Global Registration of 3D Data in Robotics for Objects Localization Using Deep Learning
Project Description
Most of existing local alignment method of 3D objects (represented as point clouds) use all points and are computationally expensive. In addition, a performance of local alignment is heavily influenced by initialization, however, for a global registration on a large scene it is hard to provide a good initialization. In this project, we consider learnable search for object’s initial alignment (global registration) based on a number of possibly promising approaches and various data modalities:
- Segmentation of RGB-D images;
- Multi-view approach;
- Feature engineering approach.
As a starting point, for our segmentation task in context of robotics, we will experiment (e.g., using deep neural networks) on the LabelFusion dataset [1]. Initially, we’ll use about 500Gb (zip) data collection.

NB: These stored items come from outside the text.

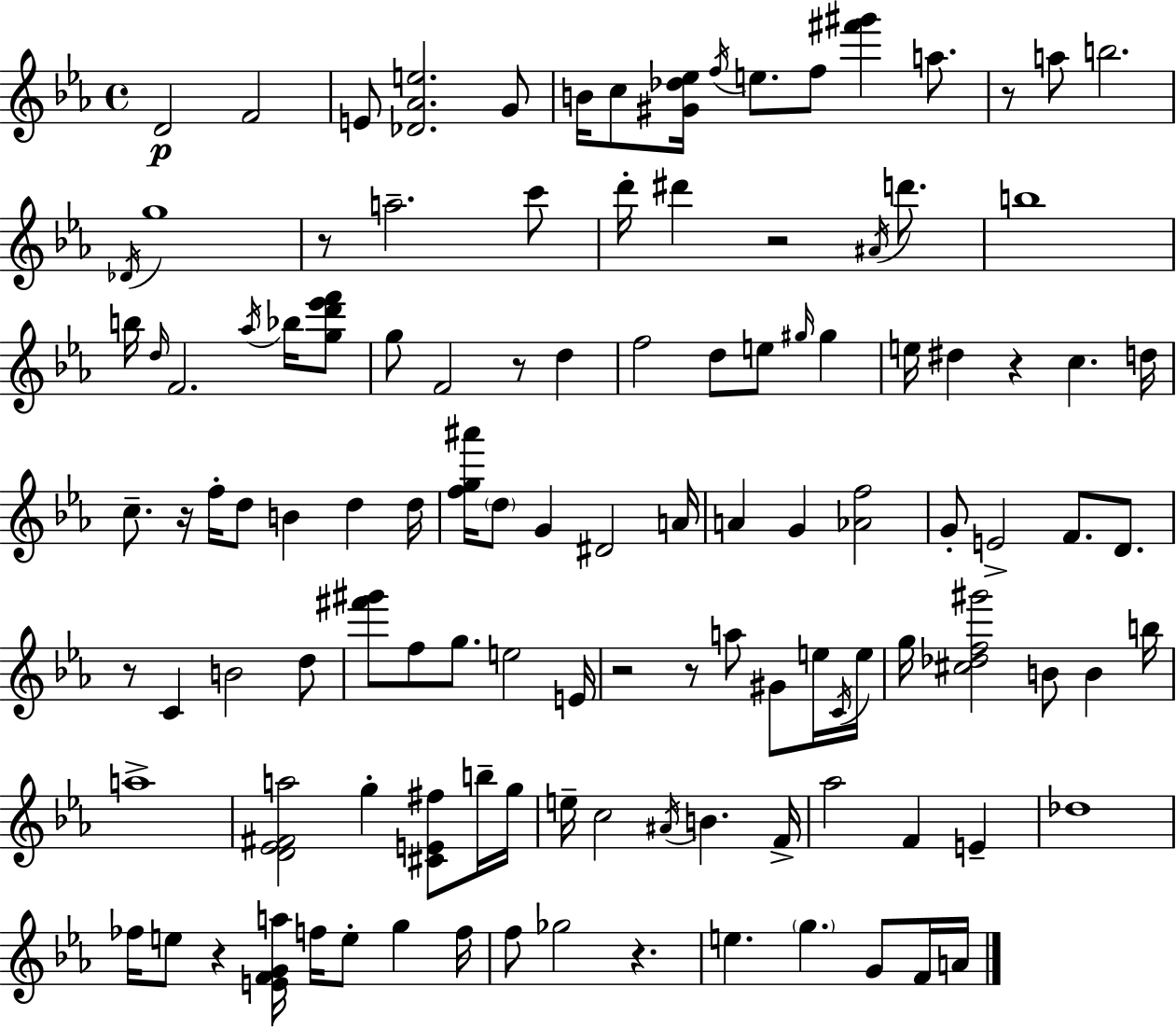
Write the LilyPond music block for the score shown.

{
  \clef treble
  \time 4/4
  \defaultTimeSignature
  \key ees \major
  \repeat volta 2 { d'2\p f'2 | e'8 <des' aes' e''>2. g'8 | b'16 c''8 <gis' des'' ees''>16 \acciaccatura { f''16 } e''8. f''8 <fis''' gis'''>4 a''8. | r8 a''8 b''2. | \break \acciaccatura { des'16 } g''1 | r8 a''2.-- | c'''8 d'''16-. dis'''4 r2 \acciaccatura { ais'16 } | d'''8. b''1 | \break b''16 \grace { d''16 } f'2. | \acciaccatura { aes''16 } bes''16 <g'' d''' ees''' f'''>8 g''8 f'2 r8 | d''4 f''2 d''8 e''8 | \grace { gis''16 } gis''4 e''16 dis''4 r4 c''4. | \break d''16 c''8.-- r16 f''16-. d''8 b'4 | d''4 d''16 <f'' g'' ais'''>16 \parenthesize d''8 g'4 dis'2 | a'16 a'4 g'4 <aes' f''>2 | g'8-. e'2-> | \break f'8. d'8. r8 c'4 b'2 | d''8 <fis''' gis'''>8 f''8 g''8. e''2 | e'16 r2 r8 | a''8 gis'8 e''16 \acciaccatura { c'16 } e''16 g''16 <cis'' des'' f'' gis'''>2 | \break b'8 b'4 b''16 a''1-> | <d' ees' fis' a''>2 g''4-. | <cis' e' fis''>8 b''16-- g''16 e''16-- c''2 | \acciaccatura { ais'16 } b'4. f'16-> aes''2 | \break f'4 e'4-- des''1 | fes''16 e''8 r4 <e' f' g' a''>16 | f''16 e''8-. g''4 f''16 f''8 ges''2 | r4. e''4. \parenthesize g''4. | \break g'8 f'16 a'16 } \bar "|."
}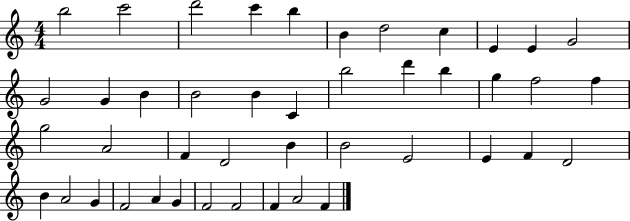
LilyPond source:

{
  \clef treble
  \numericTimeSignature
  \time 4/4
  \key c \major
  b''2 c'''2 | d'''2 c'''4 b''4 | b'4 d''2 c''4 | e'4 e'4 g'2 | \break g'2 g'4 b'4 | b'2 b'4 c'4 | b''2 d'''4 b''4 | g''4 f''2 f''4 | \break g''2 a'2 | f'4 d'2 b'4 | b'2 e'2 | e'4 f'4 d'2 | \break b'4 a'2 g'4 | f'2 a'4 g'4 | f'2 f'2 | f'4 a'2 f'4 | \break \bar "|."
}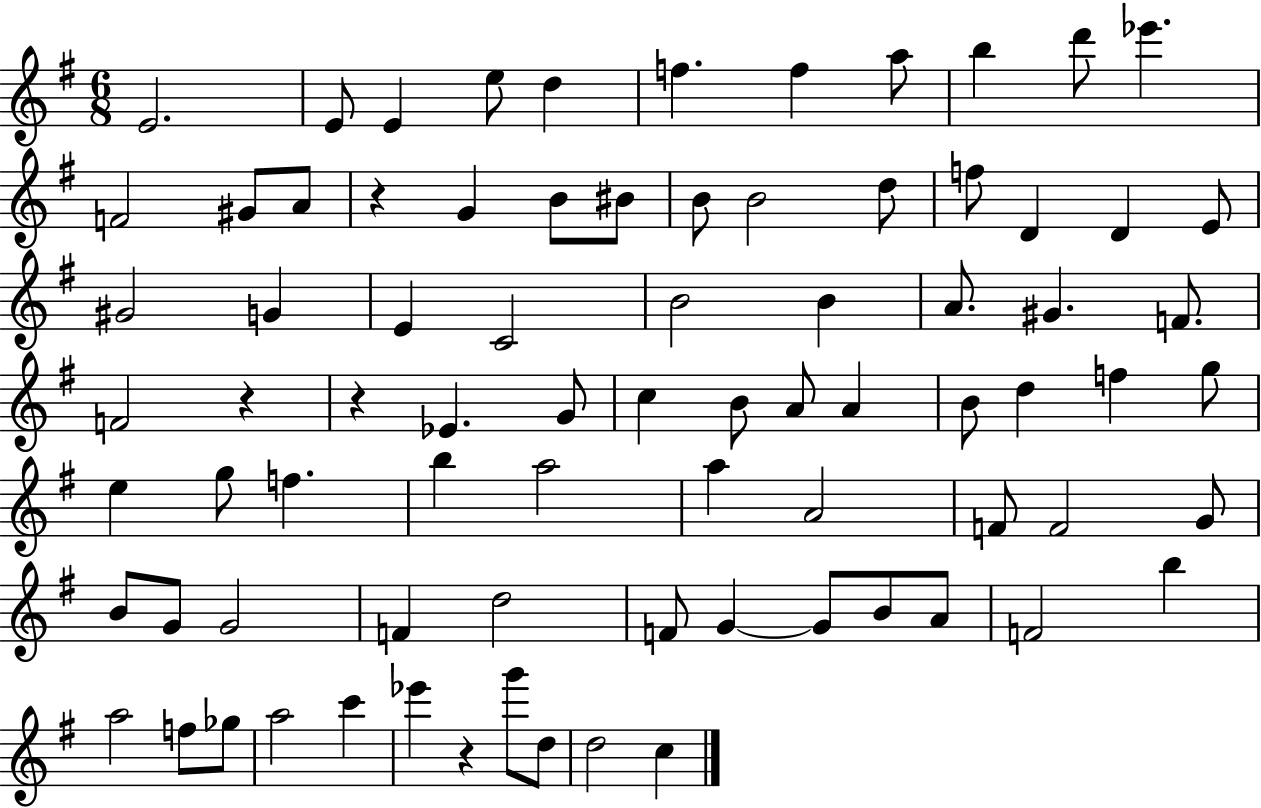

Multi-view approach implies working with 2D images, but in this task we have several images of one scene (from different view angles). Hence, appropriate NN architectures will also be fine-tuned using LabelFusion dataset. Finally, feature engineering approaches imply operating with point clouds (added meshes and RGB-D images).
References
- Marion, Pat, et al. “A pipeline for generating ground truth labels for real rgbd data of cluttered scenes.” arXiv preprint arXiv:1707.04796(2017).